I have this statement:
Let $a, b, c, d \in \mathbb{R} - $ {$0$}, with $\quad acd> 0$.
If $– 1 < \frac{a}{b} < \frac{b}{c} < \frac{c}{d} < \frac{d}{a} < 1,$
Which of the following alternative are false?
A) $\quad a < cd$
B) $\quad c < ad$
C) $\quad d < ac$
D) $\quad ab < cd$
E) $\quad ad < bc$
I'm really stuck, I've tried several things and nothing has worked for me. Some hint or guide would be useful
On
Check where $0$ can fit ($5$ options): $$– 1 \overbrace{<}^{<0} \frac{a}{b} \overbrace{<}^{<0} \frac{b}{c} \overbrace{<}^{<0} \frac{c}{d} \overbrace{<}^{<0} \frac{d}{a} \overbrace{<}^{<0} 1,$$ For each case, by checking signs of the numbers $a,b,c,d$, one can find only the central sign works. For example: $$– 1 <0< \frac{a}{b} < \frac{b}{c} < \frac{c}{d} < \frac{d}{a} < 1 \Rightarrow \\ a<b<c<d<a \ ?$$ Similarly, you can reject the rest three cases by contradiction.
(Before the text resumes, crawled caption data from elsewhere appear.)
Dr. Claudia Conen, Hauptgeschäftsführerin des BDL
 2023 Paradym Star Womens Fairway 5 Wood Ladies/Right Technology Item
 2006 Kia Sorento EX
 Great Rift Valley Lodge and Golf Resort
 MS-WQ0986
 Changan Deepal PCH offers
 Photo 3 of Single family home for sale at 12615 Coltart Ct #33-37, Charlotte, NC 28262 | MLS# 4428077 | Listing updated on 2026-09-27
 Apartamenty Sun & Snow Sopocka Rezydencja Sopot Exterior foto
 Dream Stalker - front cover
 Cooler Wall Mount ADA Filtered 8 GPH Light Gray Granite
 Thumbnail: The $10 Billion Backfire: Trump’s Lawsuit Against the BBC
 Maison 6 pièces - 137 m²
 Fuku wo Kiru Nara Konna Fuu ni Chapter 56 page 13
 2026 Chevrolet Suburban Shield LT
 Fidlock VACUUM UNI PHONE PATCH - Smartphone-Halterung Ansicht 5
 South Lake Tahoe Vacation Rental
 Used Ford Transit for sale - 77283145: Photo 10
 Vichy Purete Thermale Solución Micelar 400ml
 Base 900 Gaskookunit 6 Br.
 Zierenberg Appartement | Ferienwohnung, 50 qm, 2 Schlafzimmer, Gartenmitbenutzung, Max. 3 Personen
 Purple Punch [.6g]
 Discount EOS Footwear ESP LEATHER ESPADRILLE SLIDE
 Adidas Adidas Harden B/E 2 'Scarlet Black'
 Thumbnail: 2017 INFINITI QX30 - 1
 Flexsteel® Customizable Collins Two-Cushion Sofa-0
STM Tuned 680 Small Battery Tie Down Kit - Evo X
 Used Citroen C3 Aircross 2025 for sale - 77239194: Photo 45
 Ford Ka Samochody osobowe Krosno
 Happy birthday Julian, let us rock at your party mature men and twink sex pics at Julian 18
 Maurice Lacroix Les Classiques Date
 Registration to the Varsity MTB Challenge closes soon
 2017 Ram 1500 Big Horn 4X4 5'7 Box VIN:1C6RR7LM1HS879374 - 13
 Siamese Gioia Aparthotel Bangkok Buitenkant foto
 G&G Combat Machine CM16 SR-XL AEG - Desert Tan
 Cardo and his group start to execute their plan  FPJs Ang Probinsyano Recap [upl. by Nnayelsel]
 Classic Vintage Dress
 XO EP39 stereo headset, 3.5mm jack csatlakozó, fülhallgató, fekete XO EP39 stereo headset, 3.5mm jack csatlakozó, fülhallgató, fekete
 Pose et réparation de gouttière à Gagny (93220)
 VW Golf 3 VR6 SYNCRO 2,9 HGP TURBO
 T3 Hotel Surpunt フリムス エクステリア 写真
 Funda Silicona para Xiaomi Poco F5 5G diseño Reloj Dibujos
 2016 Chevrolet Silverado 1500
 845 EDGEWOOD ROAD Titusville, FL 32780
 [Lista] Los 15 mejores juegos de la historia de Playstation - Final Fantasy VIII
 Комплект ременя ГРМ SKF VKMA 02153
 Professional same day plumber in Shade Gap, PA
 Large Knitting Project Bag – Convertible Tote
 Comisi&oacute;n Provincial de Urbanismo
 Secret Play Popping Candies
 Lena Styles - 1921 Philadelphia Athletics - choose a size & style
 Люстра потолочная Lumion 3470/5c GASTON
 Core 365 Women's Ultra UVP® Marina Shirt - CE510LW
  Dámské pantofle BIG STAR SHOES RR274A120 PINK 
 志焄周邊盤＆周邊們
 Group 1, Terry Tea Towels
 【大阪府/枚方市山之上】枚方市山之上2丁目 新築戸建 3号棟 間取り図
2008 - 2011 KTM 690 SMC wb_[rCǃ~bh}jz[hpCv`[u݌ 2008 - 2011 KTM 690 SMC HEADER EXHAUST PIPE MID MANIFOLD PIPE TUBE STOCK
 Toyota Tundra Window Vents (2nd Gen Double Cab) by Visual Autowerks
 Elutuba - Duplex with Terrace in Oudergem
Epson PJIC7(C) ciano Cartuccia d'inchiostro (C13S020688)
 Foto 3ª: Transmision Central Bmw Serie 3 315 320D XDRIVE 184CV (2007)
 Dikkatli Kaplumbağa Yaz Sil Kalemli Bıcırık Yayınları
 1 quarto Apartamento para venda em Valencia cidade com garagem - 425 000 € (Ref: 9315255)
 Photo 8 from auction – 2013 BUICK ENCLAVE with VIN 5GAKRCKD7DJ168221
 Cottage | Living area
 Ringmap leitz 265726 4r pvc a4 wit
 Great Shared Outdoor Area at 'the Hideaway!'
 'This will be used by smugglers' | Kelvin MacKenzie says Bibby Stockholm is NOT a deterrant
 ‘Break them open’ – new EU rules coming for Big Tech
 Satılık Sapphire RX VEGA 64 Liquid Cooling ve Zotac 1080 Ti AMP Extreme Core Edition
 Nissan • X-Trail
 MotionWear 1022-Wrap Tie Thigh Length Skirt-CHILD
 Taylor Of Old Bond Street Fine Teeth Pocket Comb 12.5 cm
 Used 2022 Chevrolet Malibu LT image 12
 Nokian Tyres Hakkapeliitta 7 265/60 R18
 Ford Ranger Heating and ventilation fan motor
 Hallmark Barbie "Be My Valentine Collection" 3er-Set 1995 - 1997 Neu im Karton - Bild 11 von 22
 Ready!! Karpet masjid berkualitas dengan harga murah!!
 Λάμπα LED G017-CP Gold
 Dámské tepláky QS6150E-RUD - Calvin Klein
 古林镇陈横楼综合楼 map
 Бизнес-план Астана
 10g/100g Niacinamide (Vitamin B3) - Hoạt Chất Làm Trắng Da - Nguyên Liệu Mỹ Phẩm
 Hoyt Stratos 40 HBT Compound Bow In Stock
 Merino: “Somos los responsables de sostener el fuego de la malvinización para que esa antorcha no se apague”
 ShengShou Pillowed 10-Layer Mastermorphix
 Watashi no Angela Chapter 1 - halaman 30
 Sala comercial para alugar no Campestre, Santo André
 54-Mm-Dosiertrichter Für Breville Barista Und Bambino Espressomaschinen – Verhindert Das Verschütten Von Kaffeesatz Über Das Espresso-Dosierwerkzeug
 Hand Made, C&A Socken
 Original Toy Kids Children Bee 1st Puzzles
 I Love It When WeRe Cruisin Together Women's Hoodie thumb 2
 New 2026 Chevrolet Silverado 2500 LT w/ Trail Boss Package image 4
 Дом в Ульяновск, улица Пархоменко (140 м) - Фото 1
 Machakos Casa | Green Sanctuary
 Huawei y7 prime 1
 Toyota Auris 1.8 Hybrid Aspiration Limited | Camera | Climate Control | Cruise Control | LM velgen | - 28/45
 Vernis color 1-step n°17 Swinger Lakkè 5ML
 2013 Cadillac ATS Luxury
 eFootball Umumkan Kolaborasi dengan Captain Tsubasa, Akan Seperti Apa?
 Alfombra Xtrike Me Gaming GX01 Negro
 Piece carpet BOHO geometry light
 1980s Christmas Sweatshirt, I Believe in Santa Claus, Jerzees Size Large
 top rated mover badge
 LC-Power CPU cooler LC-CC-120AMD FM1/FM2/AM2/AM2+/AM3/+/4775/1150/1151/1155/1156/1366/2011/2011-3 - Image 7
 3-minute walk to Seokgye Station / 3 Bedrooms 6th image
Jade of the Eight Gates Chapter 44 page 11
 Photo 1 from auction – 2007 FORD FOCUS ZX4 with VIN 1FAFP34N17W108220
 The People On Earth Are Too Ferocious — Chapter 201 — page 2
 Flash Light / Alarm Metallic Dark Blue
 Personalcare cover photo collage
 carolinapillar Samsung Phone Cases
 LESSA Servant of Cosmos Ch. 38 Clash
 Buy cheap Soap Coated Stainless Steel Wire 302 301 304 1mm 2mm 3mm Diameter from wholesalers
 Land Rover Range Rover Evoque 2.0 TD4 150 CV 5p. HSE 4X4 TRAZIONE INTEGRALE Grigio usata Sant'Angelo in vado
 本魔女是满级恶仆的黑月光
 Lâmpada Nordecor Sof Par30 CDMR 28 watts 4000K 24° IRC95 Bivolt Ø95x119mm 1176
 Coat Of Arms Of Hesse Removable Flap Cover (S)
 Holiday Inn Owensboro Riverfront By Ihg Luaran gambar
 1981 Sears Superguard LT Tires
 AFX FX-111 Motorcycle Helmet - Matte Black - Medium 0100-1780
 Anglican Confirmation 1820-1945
So we have: $$– 1 < \frac{a}{b} < \frac{b}{c} < 0<\frac{c}{d} < \frac{d}{a} < 1 \Rightarrow \\ 1) \ (a,b,c,d)=(+,-,+,+); \ \ 2) \ (a,b,c,d)=(-,+,-,-) \Rightarrow \\ 1) \ E) \ ad<bc \iff (+)(+)<(-)(+) \ ? \ 2) \ E) \ ad<bc \iff (-)(-)<(+)(-) \ ?$$ I leave other options to check to you.
Assuming by "different of zero" you mean $abcd\neq 0$.
We have $a/c=(a/b)(b/c)$ so $-1<a/c<1$, and we are also given $-1<c/d<1$, $-1<d/a<1$. Multiplying gives the contradiction $1=(acd)/(acd)<1$ hence there are no $a,b,c,d$ that satisfy the given inequality. Hence all options are vacuously true.